When to Use This Skill
Use this skill when:
- Starting a new session that continues prior work
- Orchestrator needs context about project history
- Looking for relevant decisions, patterns, or error solutions
- Checking work status (in-progress, blocked, completed)
- Avoiding duplicate work or conflicting decisions
- Need to understand "what was done before" on a topic
Don't use this skill when:
- Simple queries answerable from current context
- Creating brand new project with no history
- Memory system not yet initialized (
/cxnot run)
What It Automates
Before: (Manual context gathering)
# Search for relevant history manually
/cxq "authentication"
/cxq --decisions
/cxq --patterns --language python
# Read through dozens of results
# Manually summarize what's relevant
# Hope you didn't miss anything important
# Consume 5000+ tokens on raw output
After: (Automated intelligent retrieval)
# Single command with optimized output
python3 scripts/memory-retrieval.py --topic "authentication" --budget 2000
# Result: Structured, relevant context
# - Work status summary
# - Key decisions (ranked by relevance)
# - Applicable patterns
# - Known issues/solutions
# - Token count: ~1500 (within budget)
Core Features
1. Hierarchical Memory Architecture
L0: Working Memory → Current session context
L1: Short-Term Memory → Last 7 days (decisions, WIP, blockers)
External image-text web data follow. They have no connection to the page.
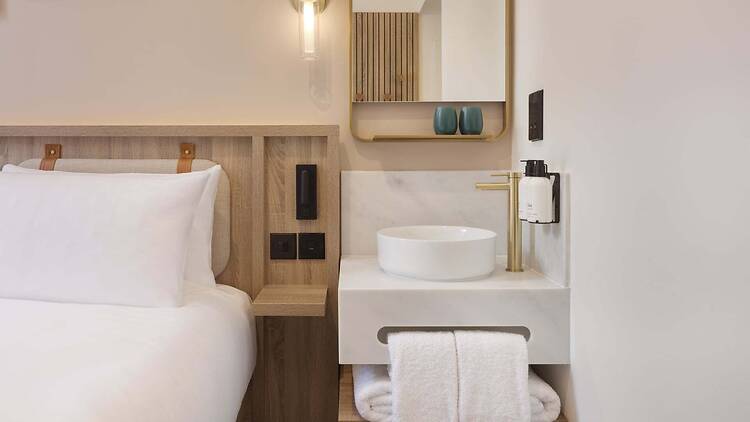 The space-maximising sink inside the rooms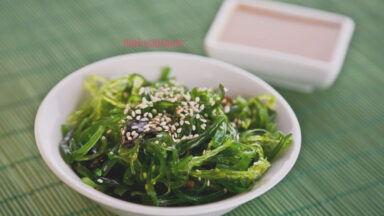 How to Make Seaweed Salad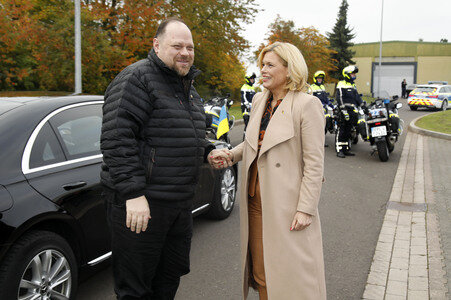 Julia Klöckner beim Besuch der Artillerieschule der Bundeswehr in Idar-Oberstein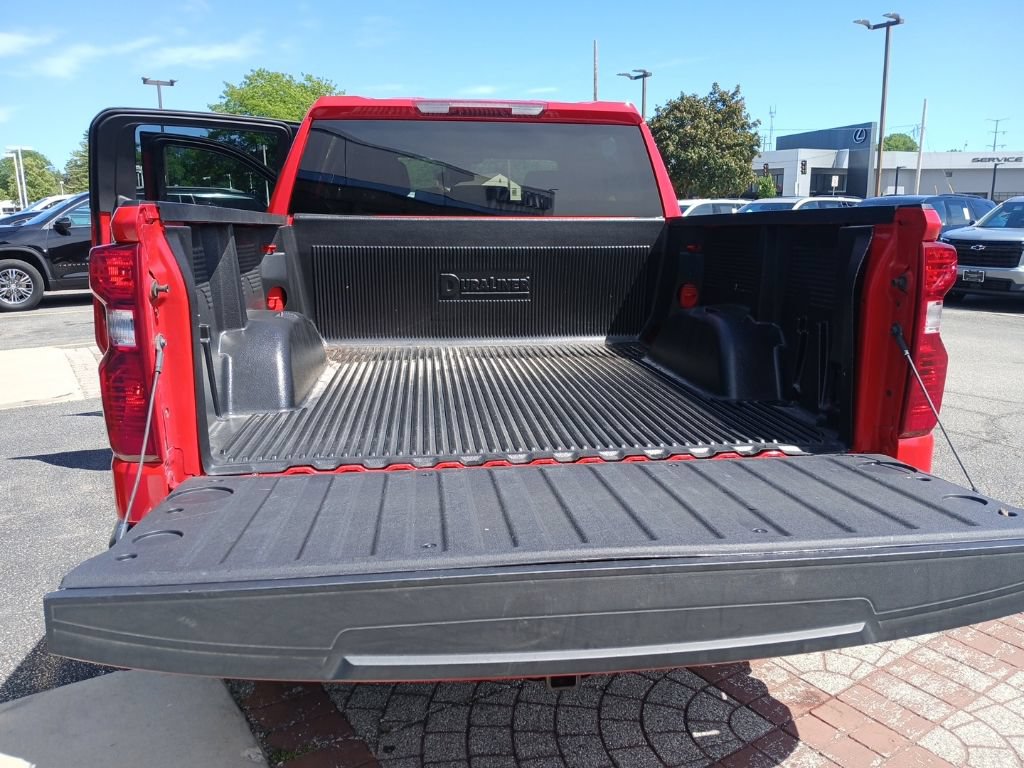 Used 2025 Chevrolet Silverado 1500 LT AWD/4WD image 32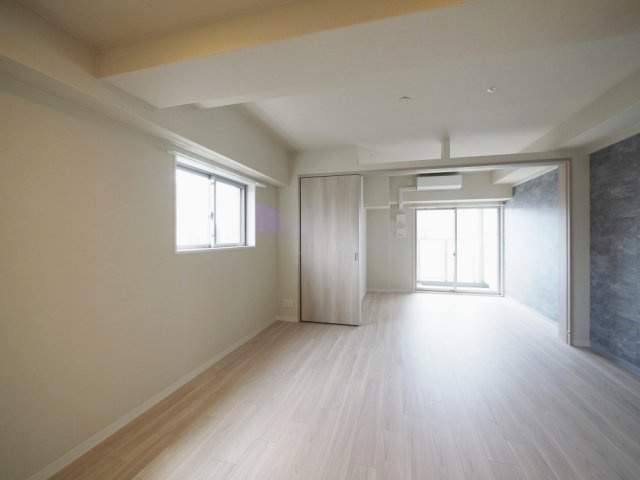 ミラージュパレス本町Departの居間・リビング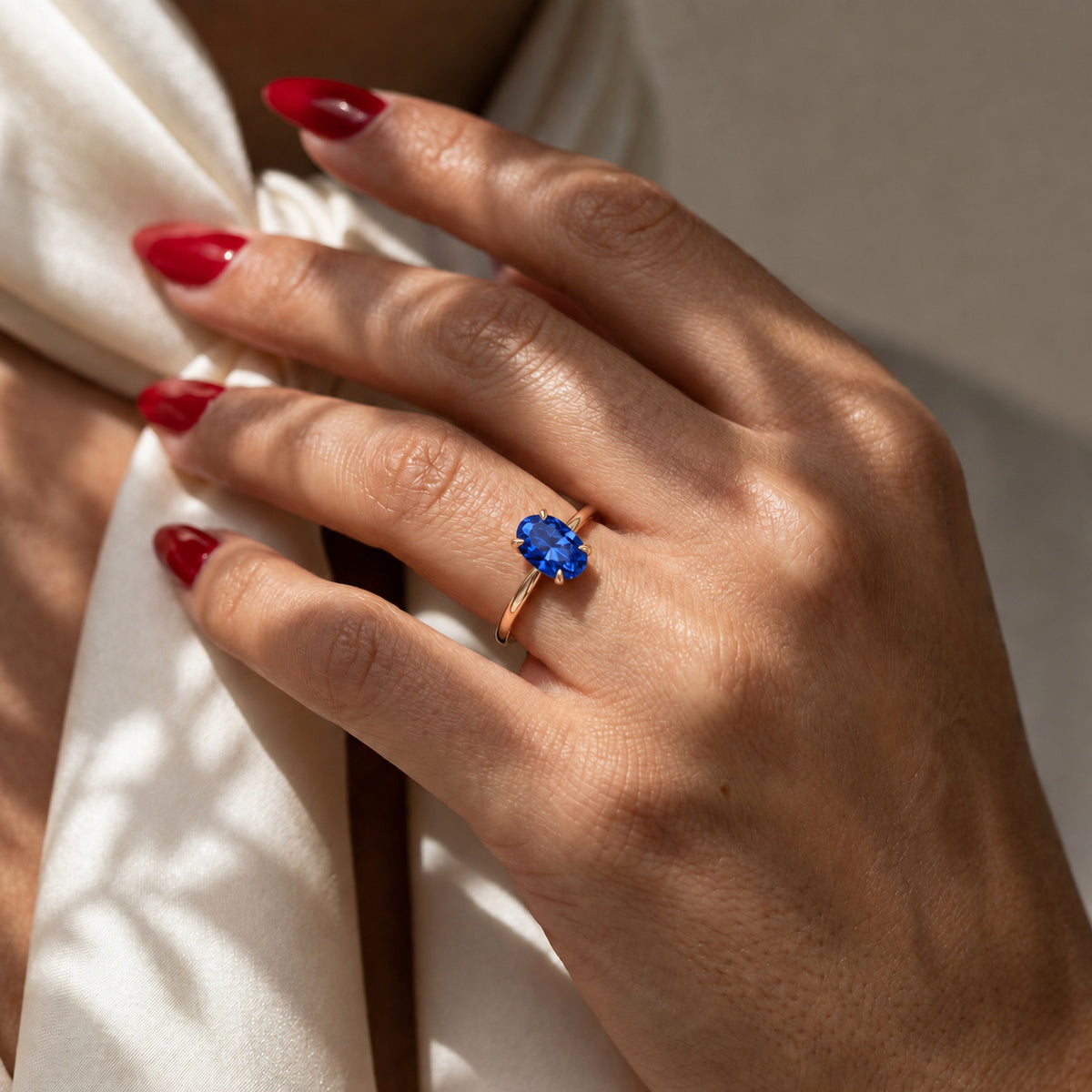 Inel de Logodnă Enigma din Aur 18k cu Safir Creat în Laborator Oval 7x10 mm din 18k Aur Roz - Castelo.ro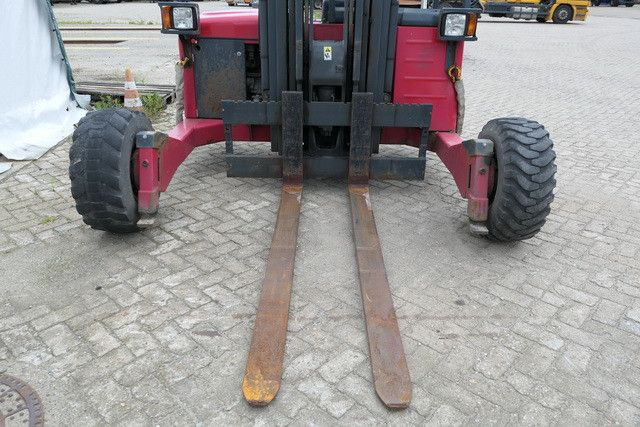 Moffett M4 25.3, Mitnahmestapler, 2.500kg, 3m Hubhöhe - رافعة شوكية مثبتة على شاحنة: صور 3 Moffett M4 25.3, Mitnahmestapler, 2.500kg, 3m Hubhöhe - رافعة شوكية مثبتة على شاحنة: صور 3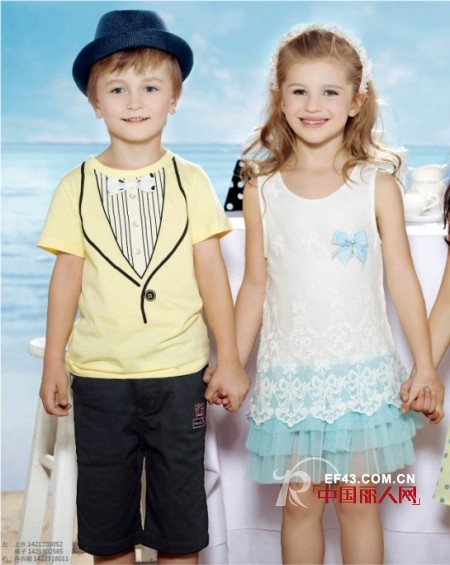 最萌兄妹服装搭配 夏季兄妹两适合穿什么服装
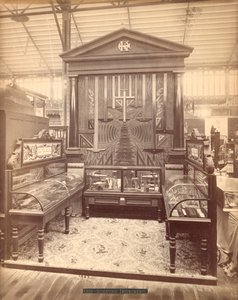 Wystawa Kuffel & Essers, Gmach Główny, Międzynarodowa Wystawa Stulecia, Filadelfia, 1876 (druk albumowy) autorstwa American Photographer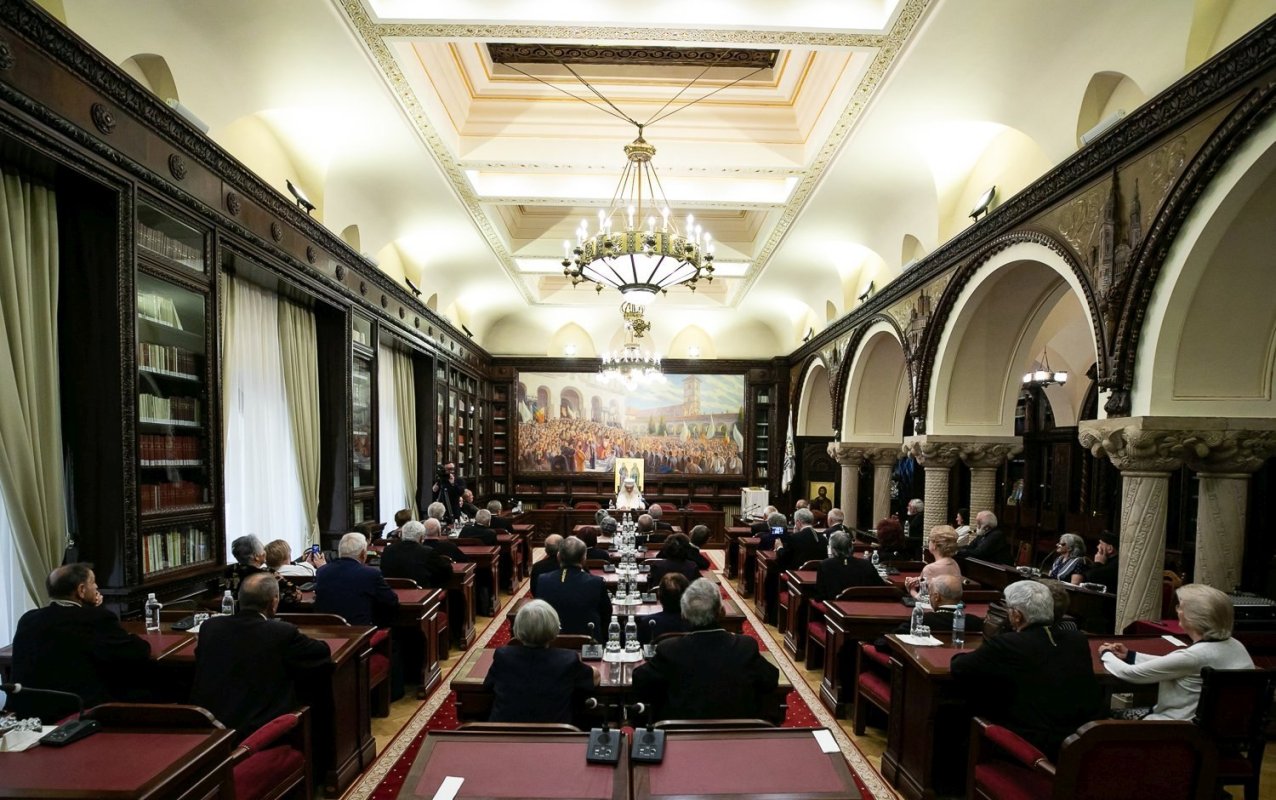 Patriarhul României s-a întâlnit cu foștii colegi teologi de la Sibiu 257612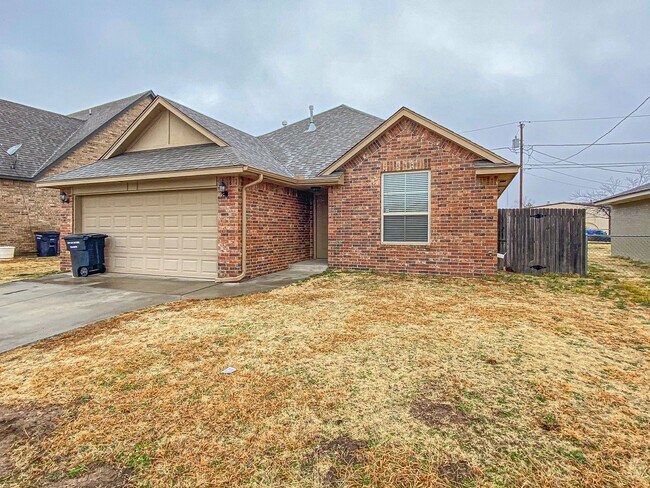 Foto del edificio - Three Bedroom Home with Storm Shelter!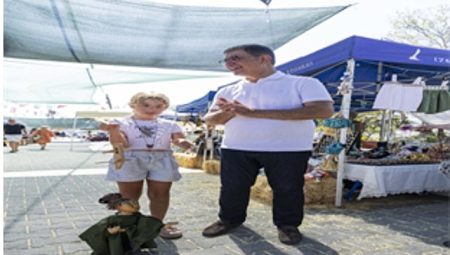 Başkan Tugay, Oyuk Festivali’nde yurttaşlarla buluştu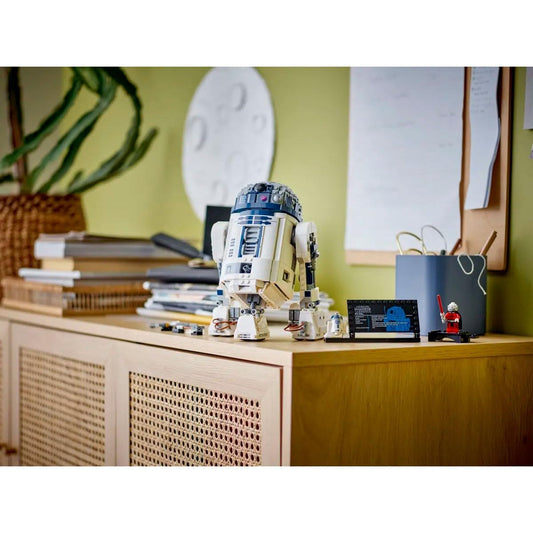 LEGO Star Wars 75379 R2-D2 Building Toy - Play and Display Droid Figure with Rotating Head, Periscope & Tools - incl. a Darth Malak Minifigure - Gift for 10+ Year Old Boys & Adult Fans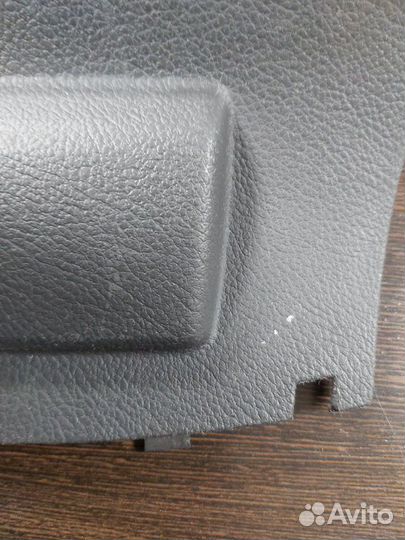 Накладка консоли Volkswagen Touareg 1 4.2 2006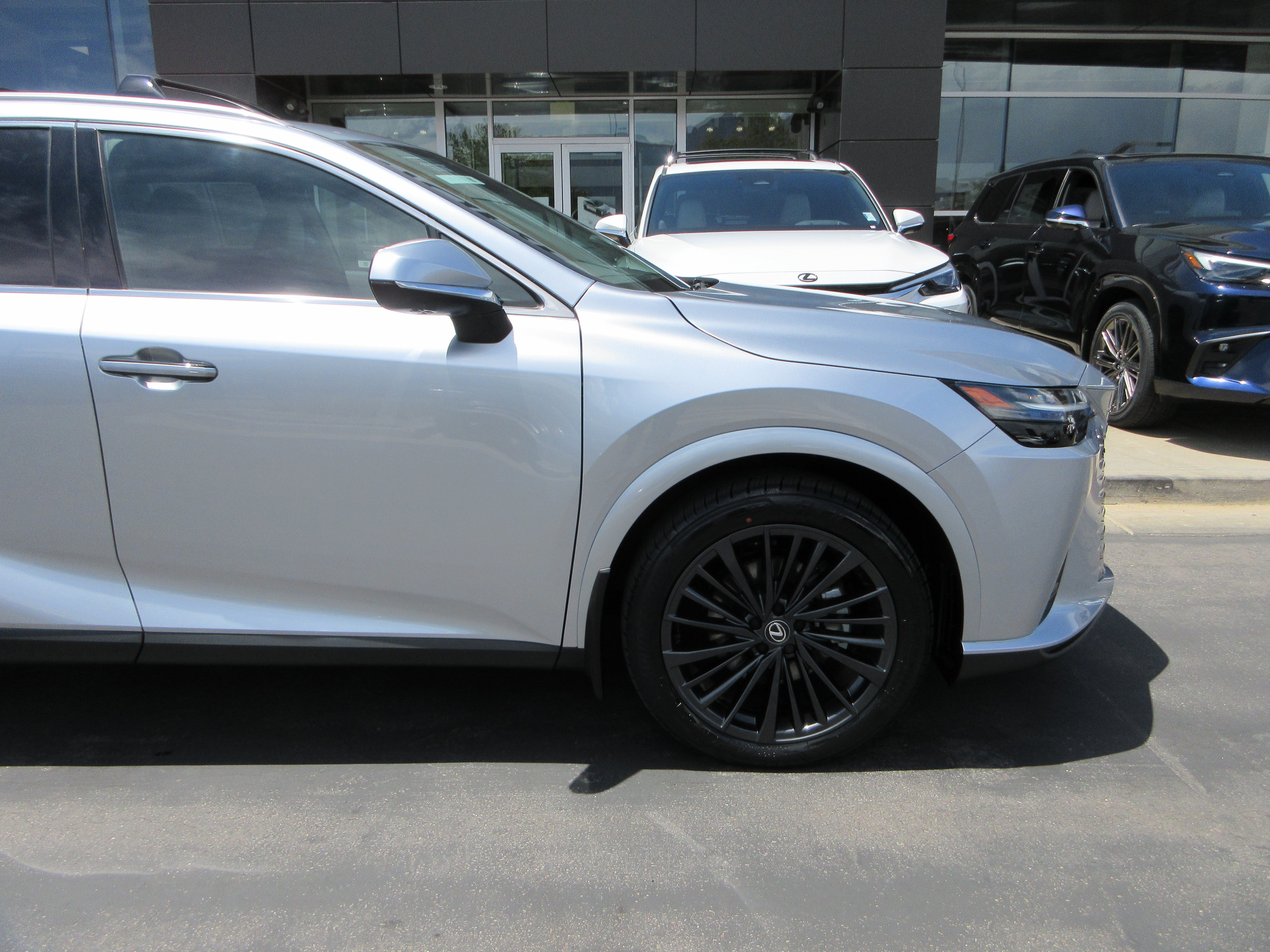 Certified Used 2025 IRIDIUM Lexus 350h Premium image 12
L2: Long-Term Memory → Historical knowledge (patterns, errors, conventions)
2. Multi-Granular Retrieval
Retrieves multiple knowledge types in parallel:
- Decisions: Architecture, technology, API choices
- Patterns: Reusable code implementations
- Errors: Problem-solution pairs
- Work Status: In-progress, blocked, completed items
3. Relevance Scoring
score = base_similarity * freshness_weight * project_boost * type_priority
- Semantic similarity: How related to current query
- Freshness weight: Recent items score higher
- Project boost: Same project items prioritized
- Type priority: Decisions/blockers > patterns > general notes
4. Token-Aware Compression
- Summarize low-priority items (save tokens)
- Preserve full detail for high-priority items
- Hierarchical expansion (summary → details on demand)
- Strict budget enforcement
Usage
Basic Retrieval
# Standard retrieval (2000 token budget)
python3 scripts/memory-retrieval.py --topic "database migration"
# Quick status check (500 token budget)
python3 scripts/memory-retrieval.py --status --budget 500
# Deep context (5000 token budget)
python3 scripts/memory-retrieval.py --topic "API design" --budget 5000 --detailed
Focused Retrieval
# Only decisions
python3 scripts/memory-retrieval.py --decisions --topic "authentication"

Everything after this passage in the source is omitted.